PROBLEM STATEMENT -
For every line in the data below, check for the word "featuring", then state how many lines have it. Answer with the number only.

***

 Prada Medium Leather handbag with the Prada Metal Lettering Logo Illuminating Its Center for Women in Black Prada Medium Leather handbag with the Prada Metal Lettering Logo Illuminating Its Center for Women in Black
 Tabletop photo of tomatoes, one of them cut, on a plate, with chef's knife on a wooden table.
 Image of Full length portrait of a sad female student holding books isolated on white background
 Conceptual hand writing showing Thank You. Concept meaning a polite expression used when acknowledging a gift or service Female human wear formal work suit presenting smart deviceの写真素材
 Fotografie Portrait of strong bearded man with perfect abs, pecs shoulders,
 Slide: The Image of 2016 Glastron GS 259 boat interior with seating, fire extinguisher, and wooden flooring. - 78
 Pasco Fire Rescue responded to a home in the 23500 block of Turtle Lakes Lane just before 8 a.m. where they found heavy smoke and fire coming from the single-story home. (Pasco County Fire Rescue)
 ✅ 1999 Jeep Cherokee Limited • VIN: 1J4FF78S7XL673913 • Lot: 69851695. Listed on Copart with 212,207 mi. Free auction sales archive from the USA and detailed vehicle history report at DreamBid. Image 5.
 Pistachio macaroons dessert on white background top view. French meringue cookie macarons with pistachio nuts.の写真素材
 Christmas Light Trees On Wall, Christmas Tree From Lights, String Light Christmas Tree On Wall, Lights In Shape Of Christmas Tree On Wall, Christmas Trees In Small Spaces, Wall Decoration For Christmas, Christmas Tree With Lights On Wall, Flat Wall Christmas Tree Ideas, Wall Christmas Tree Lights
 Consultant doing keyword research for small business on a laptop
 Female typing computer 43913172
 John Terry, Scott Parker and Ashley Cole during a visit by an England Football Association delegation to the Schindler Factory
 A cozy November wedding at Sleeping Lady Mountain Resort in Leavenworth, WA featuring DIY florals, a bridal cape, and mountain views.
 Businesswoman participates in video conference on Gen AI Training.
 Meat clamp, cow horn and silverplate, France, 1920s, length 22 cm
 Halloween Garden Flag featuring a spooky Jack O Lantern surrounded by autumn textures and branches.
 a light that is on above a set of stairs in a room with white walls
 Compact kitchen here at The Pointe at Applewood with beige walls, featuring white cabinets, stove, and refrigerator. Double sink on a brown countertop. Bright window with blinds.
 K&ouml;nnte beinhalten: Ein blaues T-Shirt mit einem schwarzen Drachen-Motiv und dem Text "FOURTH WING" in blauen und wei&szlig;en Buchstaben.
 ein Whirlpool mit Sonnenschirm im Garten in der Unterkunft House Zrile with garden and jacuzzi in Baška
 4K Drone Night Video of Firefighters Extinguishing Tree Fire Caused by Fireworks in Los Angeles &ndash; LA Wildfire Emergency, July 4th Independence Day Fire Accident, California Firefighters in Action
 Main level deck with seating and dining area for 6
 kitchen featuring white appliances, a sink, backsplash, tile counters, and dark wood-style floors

***

SOLVED EXERCISE -
4